Fast DataFrames for Ruby
github.comRecent and related:
Modern Polars: A comparison of the Polars and Pandas dataframe libraries - https://news.ycombinator.com/item?id=34275818 - Jan 2023 (62 comments)
Also:
Polars: Fast DataFrame library for Rust and Python - https://news.ycombinator.com/item?id=29584698 - Dec 2021 (124 comments)
Polars: Rust DataFrames Based on Apache Arrow - https://news.ycombinator.com/item?id=23768227 - July 2020 (1 comment)
I think its really interesting such gems offering a ruby layer on top of rust libs. One issue that I have with that is - and maybe it's my ignorance - but is that necessary to bundle the original lib as https://github.com/ankane/polars-ruby/tree/master/ext/polars ? I can imagine that makes easier to avoid breakage, or with C extensions, because you dont have some dependency manager around, but couldn't we sort it with Cargo? For instance, having the version locked and it could download (and cache) the dependency when necessary?
ankane’s gems are truly something.
Blazer is a particular favourite of mine. A former colleague taught herself SQL from zero knowledge by looking at and piecing together bits of other reports, experimenting with familiar (interesting) data and going on to build dashboards her team loved.
If we'd have just given the team a locked down Data Studio/PowerBI report none of that would have happened. Encouraging people to peek under the hood can be a huge benefit.
came here to say this.
polars is a really great library. Cool to see it expanding into so many languages too.
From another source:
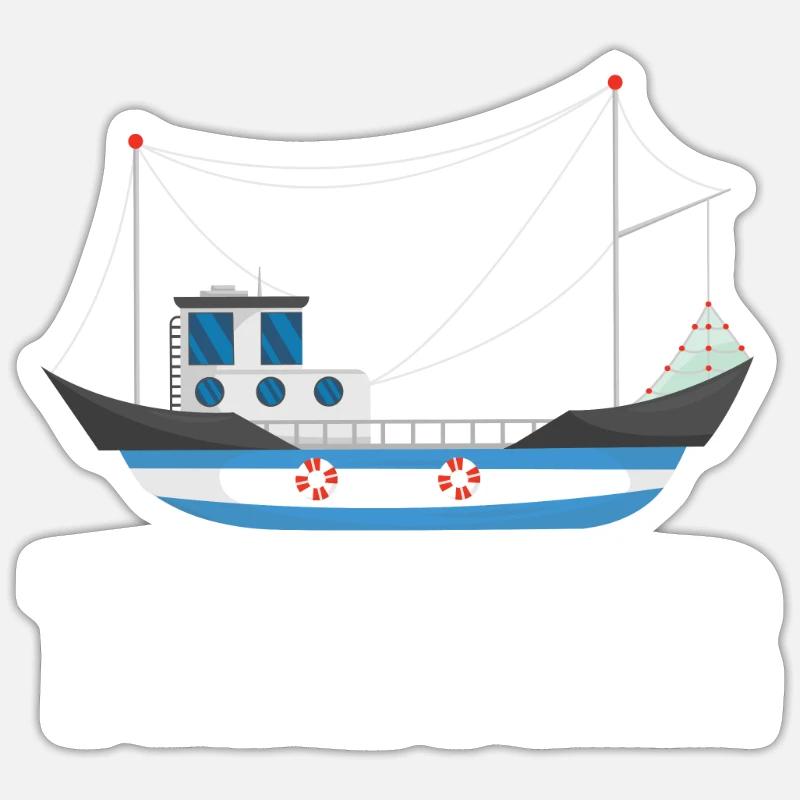 Fischkutter Sticker Größe S (10 x 10 cm)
I'm trying to imagine why somebody would start a data analytics project in ruby.
Having done financial modelling and data analytics in Ruby: Because I like Ruby, all the other backend code in those projects was in Ruby, and most projects don't rely on data volumes where the lack of something like Polars is an issue to begin with.
Most people don't have large datasets (even many people who think they have large datasets). Some do, or require more complex supporting libraries, and I get that Ruby then often isn't practical for them, and that's fine.
But it's nice to know I now have one more option reducing my need to consider another language.
- Because some like it better than Python/Julia/<INSERT NEXT language>. - Because they want data analytics in a ruby application - Because Ruby is awesome
Because you already have a Ruby project and you want add analytics to it?
Other than the lack of library/tools comparable to Python (hence projects like this one), why not?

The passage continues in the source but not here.